Culturalmente sempre più allevati a concerti, festival passeggeri, fugaci, anche se ricorrenti, ma svincolati da un progetto collettivo profondo e radicato che li giustifichi, andiamo schiacciati da un evento all'altro, da un artista all'altro.
Cultura da ticket-office.
La cultura è diventata spettacolare, ma di uno spettacolo che deve essere brutalmente di massa, come un investimento economico o politico, un ritorno di immagine, una 'vetrina', come mi disse un ex sindaco di Prato qualche anno fa. Già detto tante volte.
E quando si legge che nel passato un Giordano Bruno era protetto da Michel di Castelnau prima di essere tradito da Mocenigo e consegnato all'Inquisizione per finire arso vivo con vergogna infinita della Chiesa di Roma, mentre fino a qualche anno fa si pensava che l'intellettuale, protetto dal mecenate, non fosse libero, ora si capisce bene che la nostra libertà culturale, nell'ambito del sistema spettacolar-democratico, è di poco superiore, e certo meno significativa di quella.
Il signore di Castelnau sapeva bene chi andava a proteggere e alimentare, e lui voleva. E Bruno non doveva cambiare sé stesso, non doveva fingere di essere altro o addomesticarsi più di tanto.
E Mocenigo probabilmente lo tradì per invidia.
L'Inquisizione voleva da Bruno che non difendesse, abiurasse il sistema copernicano o non negasse i dogmi della Chiesa?
No, per non bruciarlo da Bruno si voleva molto di più, altrimenti non lo si sarebbe tenuto otto anni in cella; si voleva che abbassasse il capo per chiudere lo spiraglio accecante che aveva aperto guardando verso le stelle, questo si voleva.
Ma lui preferì la morte, che per lui non era altro che la scomparsa dell'accidente, trasformazione della materia sostanziale che solo così può vivere la sua eternità.
Certo, noi non ci bruciano vivi, ed è un gran vantaggio.
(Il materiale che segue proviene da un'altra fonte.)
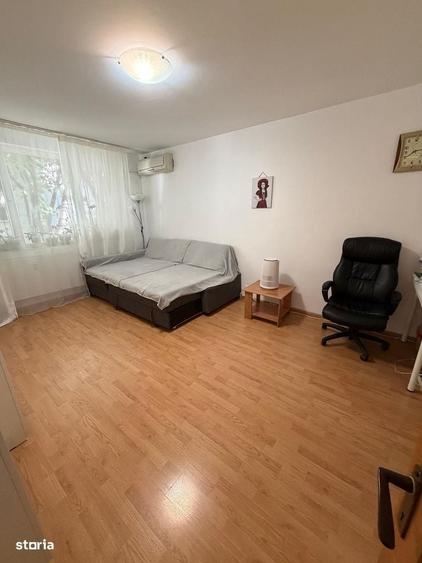 Apartament cu 3 camere decomandat în Drumul Taberei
Ma solo per la nostra carne, per il nostro 'accidente'. Per il senso, per la cultura va molto peggio.
Perché questa tolleranza universale, imposta e falsa, è terroristica, assoluta e asfissiante. Produce la mostruosità dell'insensatezza, il vuoto culturale. Sottomette molto meglio del rogo. Che come l'Inquisizione di un tempo, anche oggi il potere non ci permette di guardare verso le stelle; ma non vuole essere più responsabile di atrocità sulla carne, e usa altri metodi per abbassare il capo a chi guarda in su. Il Potere è diventato più furbo; ha imparato come si fa a durare nel tempo e a sottomettere l'uomo per bene.
Sopraffatti dall'andazzo commerciale e politico, dalle stesse informazioni, dagli stessi linguaggi, dall'uniformità assoluta del collegamento perenne, chi riflette sul mondo e cerca nuovi o antichi codici, viene escluso. Stritolato, reso insignificante dalla folla vincente e comunicante in cui è inserito, nel villaggio globale, finisce presto nella fogna artistica. L'artista viene automaticamente inserito nel sistema-silenzio-dimenticanza, lo si isola in una cella a cielo aperto, tortura raffinata ché invisibile. Se pure l'artista o l'intellettuale come si voglia, ha tentato di sperimentare qualcosa di diverso.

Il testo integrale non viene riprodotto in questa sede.